3 Reasons Why You Should Watch Lucky Hank
Several weeks ago, while I was interviewing people for a piece that may or may not end up in The Chronicle, the president of a college in New England recommended that I watch Lucky Hank. The AMC series is an adaptation of Richard Russo’s Straight Man, which parodies faculty at a small college in Pennsylvania. It’s not that Russo doesn’t strike close to the mark — he captures many absurdities that I remember well from my own days at a small liberal arts college. It’s more that Russo reinforces the stereotype of literature professors as overgrown children. You might even say that he endorses the view that humanities programs aren’t worth defending. Anyone who has seen Netflix’s series The Chair will understand what I mean. You laugh along with the story, sometimes morbidly, because you recognize the scene all too well, but at some point the heartburn kicks in, because you know that your discipline is not a joke. It’s like those personal stories that are hilarious when shared within your family or cultural group, but that land a little differently in public.
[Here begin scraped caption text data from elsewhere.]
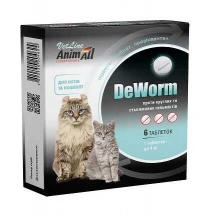 AnimAll VetLine (ЕнімАлл ВетЛайн) DeWorm (ДеВорм) Антигельмінтний препарат для котів та кошенят img
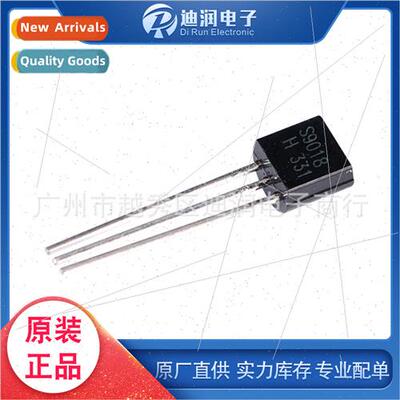 S9018 inline transistor TO-92 package NPN transistor enough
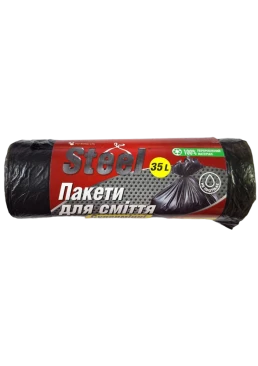 Пакеты для мусора Steel 35 л, 30 шт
For instance, I had an experience during my first semester as a visiting assistant professor that was almost too bizarre to be believed. A senior professor whom I’ll call Carl had been nursing a grudge against another senior professor, Bob, for years. Carl approached me with a proposal that he meant to carry to the dean. He would take a part-time position if Bob did the same, thereby creating a full-time tenure-track position for me. I wanted no part of it and doubted that it would come to anything. But at the very next meeting, Carl surprised the rest of the department with copies of the memo. “Bob,” he said, “Aren’t you prepared to make a sacrifice for your friend Josh?” The argument brought the two of them to their feet, and it nearly came to blows. I fled the meeting as soon as I could, agonizing over whether Bob might think that I’d been conspiring with Carl. That really happened, but you can see how telling such a story without including the happiness that I often felt in the classroom could paint a false picture of life on a small campus. Petty grievances abound, to be sure, but that’s not the whole story.
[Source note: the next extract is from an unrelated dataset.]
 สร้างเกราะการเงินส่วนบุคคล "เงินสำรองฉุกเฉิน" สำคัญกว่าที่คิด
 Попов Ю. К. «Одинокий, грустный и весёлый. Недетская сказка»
While Lucky Hank takes a condescending view of faculty, it captures the human cost of corporatization in higher ed better than The Chair does. My interview source recommended it primarily because he feels that the ultimate villain — Dickie Pope, the short-lived president of Railton College — accurately reflects the disconnect between many university executives and the educational missions of the institutions that they ostensibly lead. But I quickly discovered that Lucky Hank nails many other truths about academe. There will be a few spoilers in this post, so you might want to save it for later if you prefer a pristine viewing experience. But I’m going to leave a lot out, so you might think of my review as little more than a back-cover blurb — the kind that helps you decide if you want to dig deeper and judge for yourself.
1. The Entitled Classroom
NIL deals have replaced team identity in college athletics with personal branding. Just so, jobs-based curricula have transformed the classroom into a cash register and the professor into a cashier. Here is this “A” that you paid for. Here is this degree. Have a nice day. In an age of gaslighting about disruption and innovation in higher ed, it is refreshing to see such an honest representation of the student-as-customer in Lucky Hank.
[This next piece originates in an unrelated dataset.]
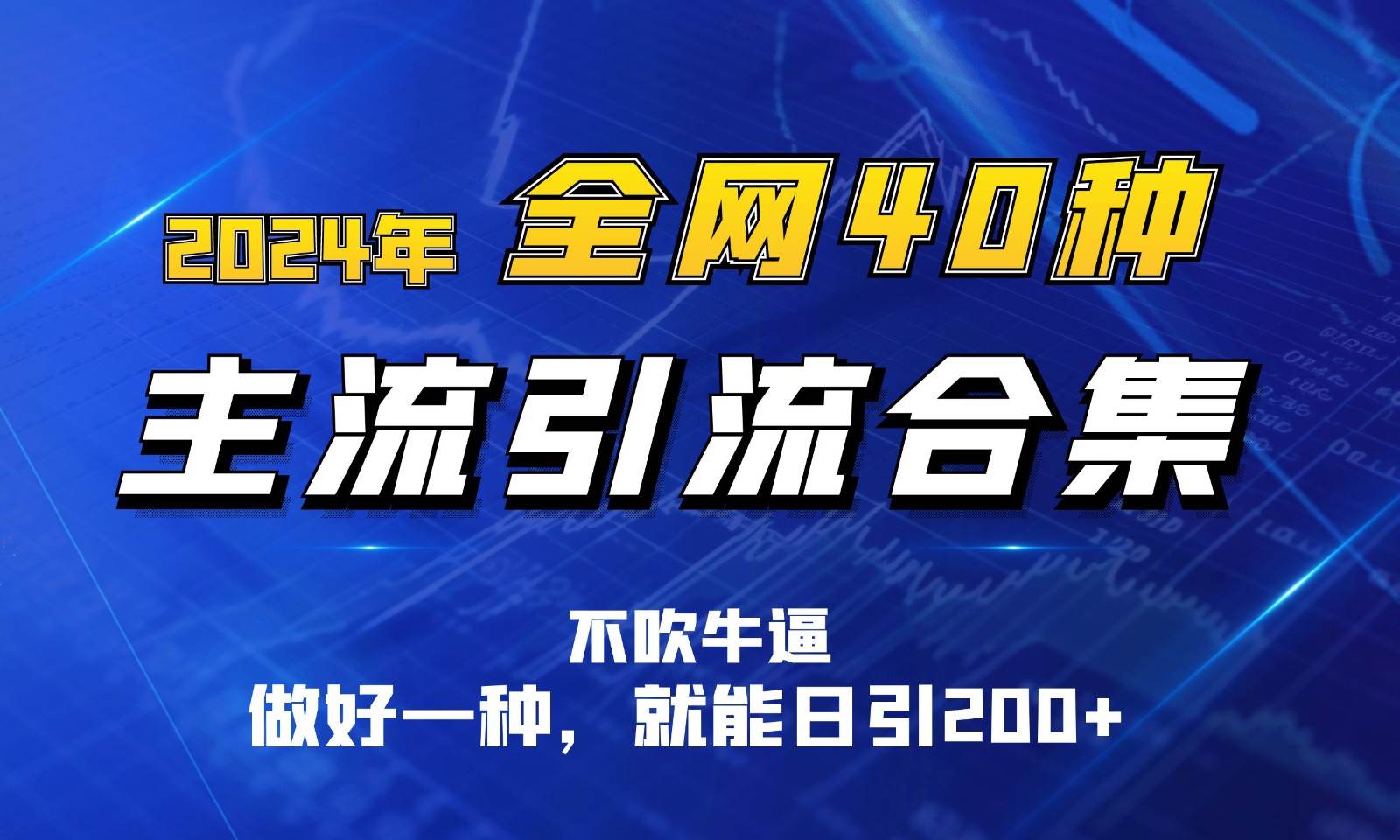 2024年全网40种暴力引流合计，做好一样就能日引100+汇创网-网创项目_汇创网_中创网_福缘网_冒泡网_资源整合平台汇创网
The show’s trailer teases an exchange between Hank Devereaux, Jr. (played by Bob Odenkirk) and Bartow Williams-Stevens (played by Jackson Kelly). Bartow’s parents try to grease his admission to Notre Dame with a sizable donation, but when that doesn’t work he ends up at Railton College in Hank’s creative writing workshop. The workshop itself reveals the perils of undergraduate peer review, which can sometimes amount to little more than sharing ignorance. But Hank is more or less content to allow students to congratulate each other on their writing until Bartow presses him for more honest feedback.
A professor would never say what Hank says in that scene, but there is some emotional truth to it. I can’t count the number of times I gave copious feedback on a student draft, only to see the same paper, virtually unchanged, submitted for the final assignment. I’d often make a joke of it, quoting my grandfather, who always said that you can’t steer a parked car. Get some pages behind you, I’d say, write forward without knowing where you’ll end up. Let your writing surprise you. Try to answer a question that remains unresolved. Then realize that those first thoughts are not your best thoughts. The most creative part of the writing process is revision — not brainstorming, not drafting.
It’s possible that students accept formal evaluation more readily in disciplines where competence seems less subjective. But the Maitland Jones story last fall shows that many young people believe a grade ought to reflect effort, not mastery, even in fields like chemistry. In writing classes, it’s really a curious phenomenon. Sure, everyone likes a pat on the back. But why would anyone pay for an educational experience that they think they’ve already mastered? I made no strides as a writer until my mentor taught me the importance of audience. The essay or poem, he said, is like a stranger knocking on the reader’s door. A mature writer doesn’t demand that the reader invite a crazy-haired story with a dirty face into their private life. Such a demand would be pointless anyway. A reader can always just slam the door in your story’s face. I still carry that question in the back of my thoughts while revising. Is this essay or story a good house guest for my ideal reader?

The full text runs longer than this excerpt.